# Tangent planes anyone?

• Nov 6th 2008, 12:13 PM
Ash_underpar
Tangent planes anyone?
Find an equation for the tangent plane to the surface x^2+y^2-z=0 at the point (1,1,2)

Any ideas? thanks
• Nov 6th 2008, 02:45 PM
abender
Find an equation for the tangent plane to the surface x^2+y^2-z=0 at the point (1,1,2).

Your solution will be of the form $a(x-x_{0}) + b(y-y_{0}) + c(z-z_{0}) = 0$, where $a,b,c$ are constants.

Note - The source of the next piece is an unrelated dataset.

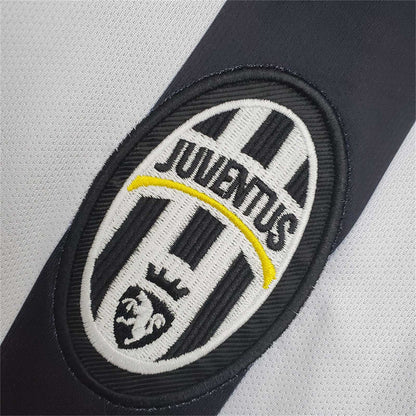 Juventus 14-15 Home Retro Shirt crest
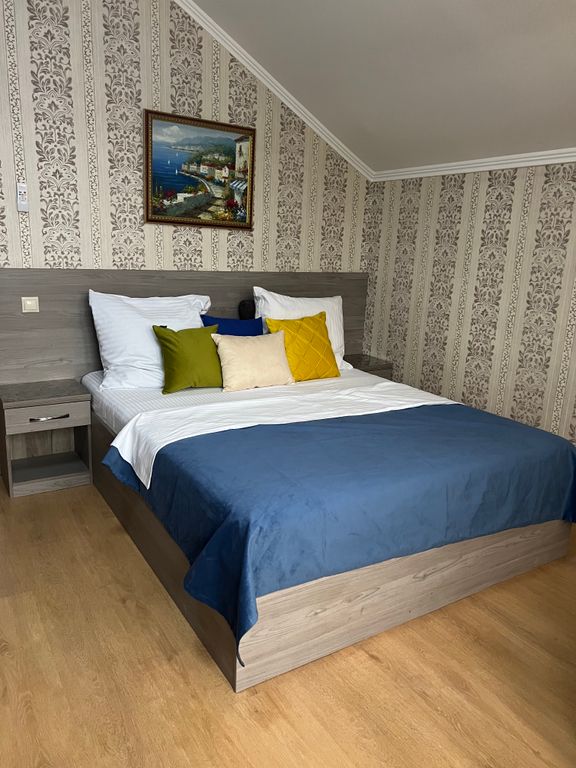 Надежда румс — Семейный номер двухкомнатный с балконом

Note that $x_{0}, y_{0}, \text{and } z_{0}$ are simply the coordinates of $P=(1, 1, 2)$. So, your solution will look something like this:
$a(x-1) + b(y-1) + c(z-2) = 0$.

We want to find the constants a, b, and c. How? We first compute the partial derivatives of our surface equation $x^2+y^2-z=0$.

$\frac{\partial f}{\partial x} = 2x$
$\frac{\partial f}{\partial y} = 2y$
$\frac{\partial f}{\partial z} = -1$

The gradient vector is given by:
$\nabla f(x,y,z) =(\frac{\partial f}{\partial x}, \frac{\partial f}{\partial y}, \frac{\partial f}{\partial z})$.

So, $\nabla f(x,y,z) = (2x, 2y, -1)$.

Then, plugging in the coordinates of $P=(1,1,2)$, we get:

$\nabla f(1,1,2) = (2, 2, -1).$

So0oo, the constants $a, b, \text{and } c \text{ are } 2, 2, \text{and } -1$, respectively.

Soooooooo, the equation for the tangent plane to the surface $x^2+y^2-z=0 \text{ at the point } (1,1,2)$ is
$2(x-1) + 2(y-1) + -1(z-2) = 0$.

Rearrange this if you so wish.

Enjoy,
-Andy